Their original tech demo, showcasing the pricing dashboard, had to be postponed due to delays.

We were brought in the following Monday to help complete the project and ensure everything was ready in time for the rescheduled demo by the end of the week. Along the way, we also introduced several optimisations to the codebase to improve maintainability and performance.

Challenges

We identified the following challenges within the codebase as received:

Dirty data:
The data came from a legacy system and was incompatible with modern Python libraries. Importing the pricing data would result in corrupted characters and missing data. The previous developer had attempted to solve the problem but was unsuccessful.
Architecture: The codebase violated the Single Responsibility Principle (SRP), since storing, data cleaning and import logic were all handled in the same module. This posed a difficulty in implementing the missing functionality and could cause loss of data.
Database design:
The original database did not distinguish between the frequently changing fields such as prices, and static fields such as product names. This caused significant data duplication, leading to performance problems in Tableau and significantly higher storage costs.

Solution

All software needs a strong and stable foundation. We therefore started by addressing the architectural shortcomings, rewriting tightly coupled logic so that each component could function independently. This made future development faster, easier, and made major optimisations possible. It was now also possible to implement several automated tests to ensure reliability and consistency.

Following some detective work, we identified the original encoding and built a custom converter allowing us to migrate and read the data uncorrupted. This data was then stored in a modern format (UTF-8).

Together with the client, we scoped what data was relevant for the dashboard. We also identified which fields were static and which were dynamic. This revealed that only the pricing and "packing code" changed over time. This also revealed a potential bug in the original dashboard: if a company changed its name, it was treated as a different entity, leading to data anomalies. We then designed a new normalised database schema as shown below:

Two Scenarios Data Import

This change removed the potential of data anomalies and reduced the database size by an order of magnitude. These savings also directly correlated to the amount of time it took to load the data into Tableau.
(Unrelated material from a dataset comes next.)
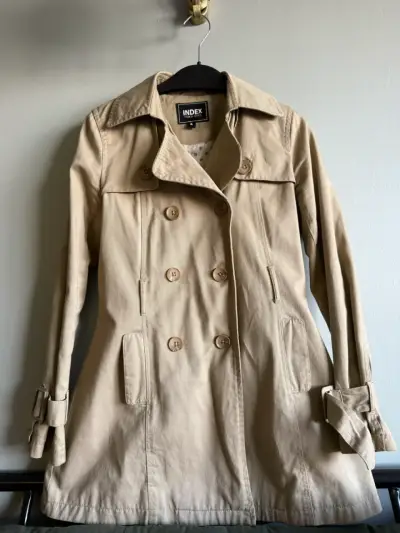 Abrigo trench beige para mujer Index - miniatura 1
Another insight was that every new data file of data from the source contained a full snapshot of all prices and codes, even if a product didn't change since the last snapshot. This meant that we could get even greater savings by discarding unchanged entries between snapshots. Combining the normalised database schema and this deduplication scheme, we further reduced the overall data size by 33x.

Storage cost improvement

To ensure a successful tech demo, we made some final modifications to how data was being imported. Namely, we made the system incrementally fetch the data from from most recent and back in small batches. This meant that the client was able to begin preparing their demo before the full import was complete as well as preventing the potential data loss that would occur if the import was stopped halfway.

Everything but the deduplication scheme was completed within the first 48 hours of the project.

Outcome

The project remained within budget and with enough time left for the client to implement the tech demo and meet their deadline. Beyond immediately making it possible to finish the tech demo in time, the codebase was refactored to be significantly more maintainable and versatile. The more efficient schema also enabled the client to process more data without overloading Tableau or having to sacrifice data quality.